EDDIKA: I was obsessed with Brazilian music growing up. My dad’s a musician and he was always playing records, a lot of it was in Portuguese. Spanish is my first language so I thought I could almost understand what was being said. Languages were always intriguing to me growing up. When I went to UCLA, I took a minor in Portuguese to write & sing in the language.
DOMINIQUE: Mr. T’s used to be an old non-functioning bowling alley. There was a curtain at the entrance of the lanes and behind it, they built a stage. A lot of punk groups played there, lots of groups from Japan. It was kind of a dive bar venue thing. The sound guy’s name was Arlo and you’d never know if he was really mixing or not. He was always standing around but always on top of the noise. They had an open mic on Tuesdays where people tried out different projects, and we all started going every week. Now it’s been renovated with a very expensive cocktail bar.
Our first record was done totally analog. Everything was recorded to tape through a big old-school console. Then it was mixed to tape, mastered from tape. The last step was digital because we only made CDs. I think that gave it a very unique sound.

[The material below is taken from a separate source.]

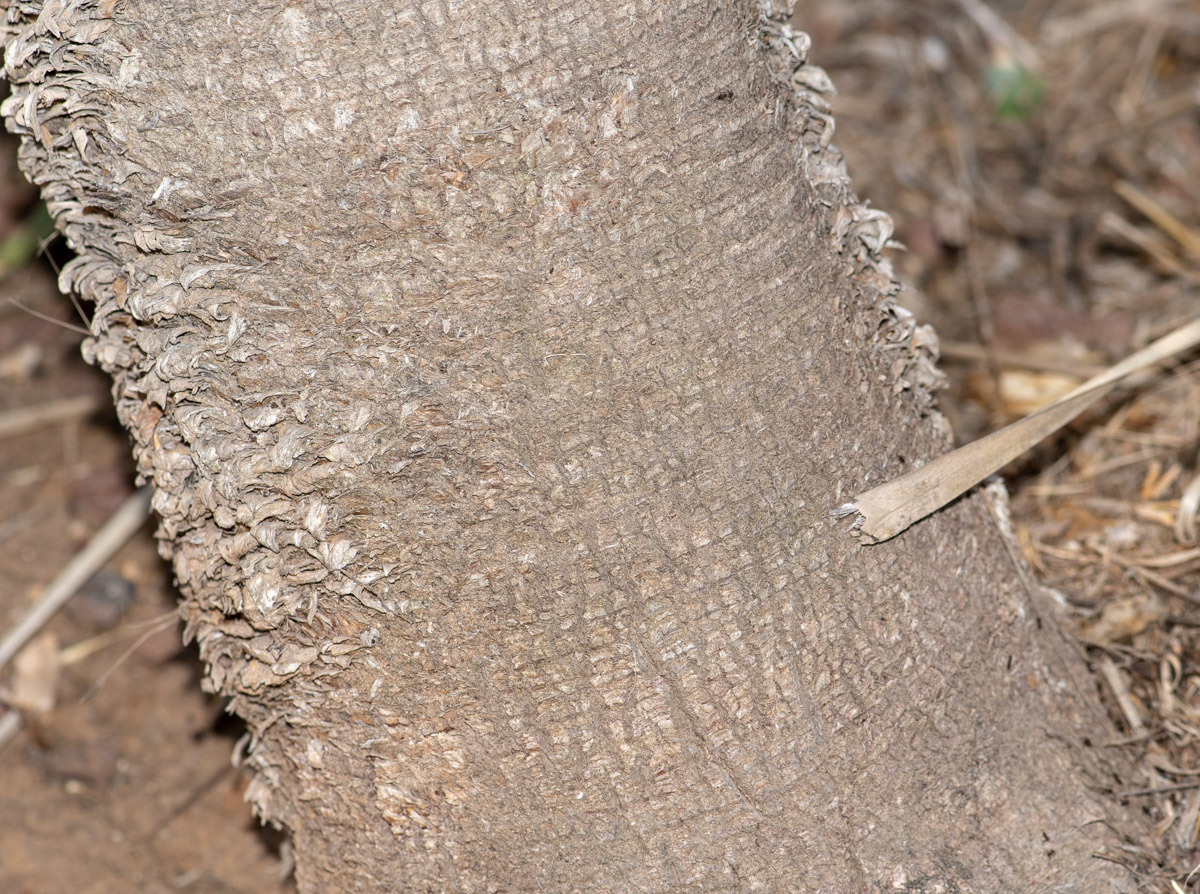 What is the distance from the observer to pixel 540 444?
3.23 feet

EDDIKA: We had a mix of Portuguese and Spanish tracks. And we did do a cover, the Afro-Peruvian track Jaqui. El Cucui was the first track, and the last one was Dia de los Muertos. Those tunes have been staples of our early performances.
DOMINIQUE: Cucui sets the tone and Muertos ends it at our roots. The rest was a mix of Eddika’s songs and new ones we put together as a band.

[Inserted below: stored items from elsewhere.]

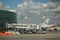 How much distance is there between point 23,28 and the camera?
752 centimetres

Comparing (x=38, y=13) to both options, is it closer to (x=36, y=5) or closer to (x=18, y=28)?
(x=36, y=5)

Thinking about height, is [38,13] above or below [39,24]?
above

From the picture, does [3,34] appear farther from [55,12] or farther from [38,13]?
[55,12]

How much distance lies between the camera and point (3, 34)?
7.57 m

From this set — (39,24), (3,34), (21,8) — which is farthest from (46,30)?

EDDIKA: So that was Sabung. It’s a word from Bali that is used in rooster fights. I picked it up while studying ethnomusicology; I read this whole article on Bali and the people from there. I liked that it had different meanings like lady killer or the rooster itself. Rooster fighting is very common in Mexican culture, so I thought it was a good representation of us – being Mexican from the East Side of Los Angeles, putting together different styles & inspirations that can open up awareness to different parts of the world.
The second album was a little more refined, still a mix of Spanish & Portuguese. Musically we were still taking most of our influences from jazz & Mexican & Brazilian music. We left the old style, somewhere between acoustic and punk, and brought a little more darkness to the sound.
DOMINIQUE: I also started playing drums differently – another band I was in was moving towards an avant-garde marching band direction, so I had my snare drum strapped to play standing. We were setting up rehearsal when I realized I had forgotten my drum stool at a gig, so I decided to stand up for practice. I wanted to play more percussion on this record as well, I’d already been setting up bongos instead of floor toms. Eventually it became a whole new drumming style around standing at a kit. It was a bit of a thing, people do sometimes remember me as ‘the standing drummer.’ Over time it started to feel old. And standing on one foot, while trying to kick a bass drum, is not the jam for an hour, two-hour session. <Haha>.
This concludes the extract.